### WHAT TO WORK ON
When you transcribe the lines below, keep every word the same and leave the pictures behind.
▬▬▬
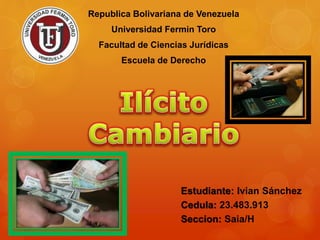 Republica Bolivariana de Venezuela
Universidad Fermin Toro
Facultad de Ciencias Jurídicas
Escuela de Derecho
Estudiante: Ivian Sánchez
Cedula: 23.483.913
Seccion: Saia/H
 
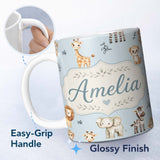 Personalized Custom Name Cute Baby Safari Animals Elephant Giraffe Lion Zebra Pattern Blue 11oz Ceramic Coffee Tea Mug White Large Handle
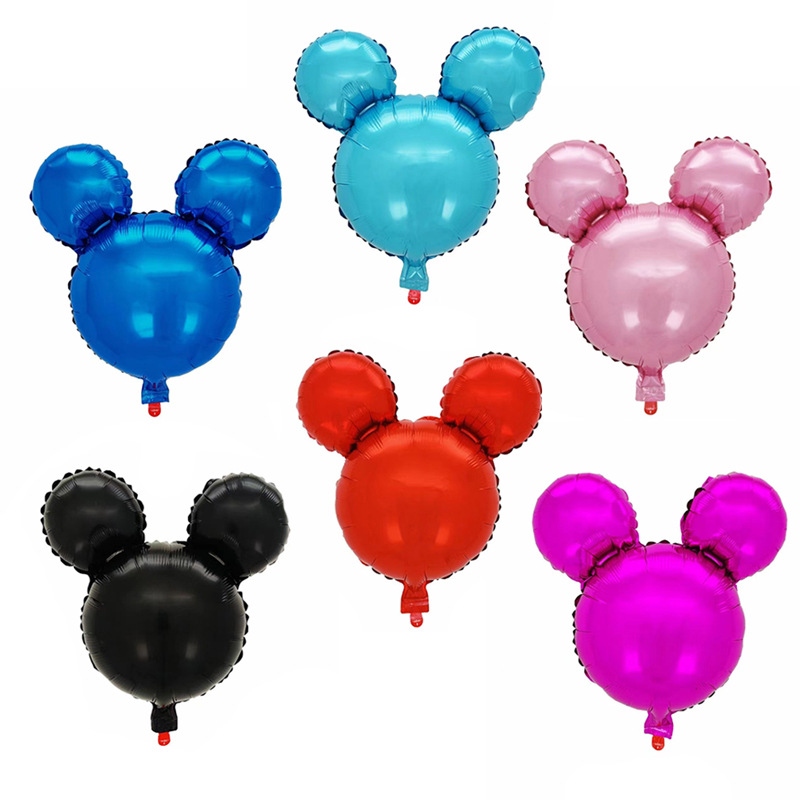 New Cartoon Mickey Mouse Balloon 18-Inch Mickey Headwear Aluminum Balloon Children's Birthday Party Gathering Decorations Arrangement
▬▬▬
### SOLUTION TO THE EXERCISE
 Republica Bolivariana de Venezuela
Universidad Fermin Toro
Facultad de Ciencias Jurídicas
Escuela de Derecho
Estudiante: Ivian Sánchez
Cedula: 23.483.913
Seccion: Saia/H
 
 Personalized Custom Name Cute Baby Safari Animals Elephant Giraffe Lion Zebra Pattern Blue 11oz Ceramic Coffee Tea Mug White Large Handle
 New Cartoon Mickey Mouse Balloon 18-Inch Mickey Headwear Aluminum Balloon Children's Birthday Party Gathering Decorations Arrangement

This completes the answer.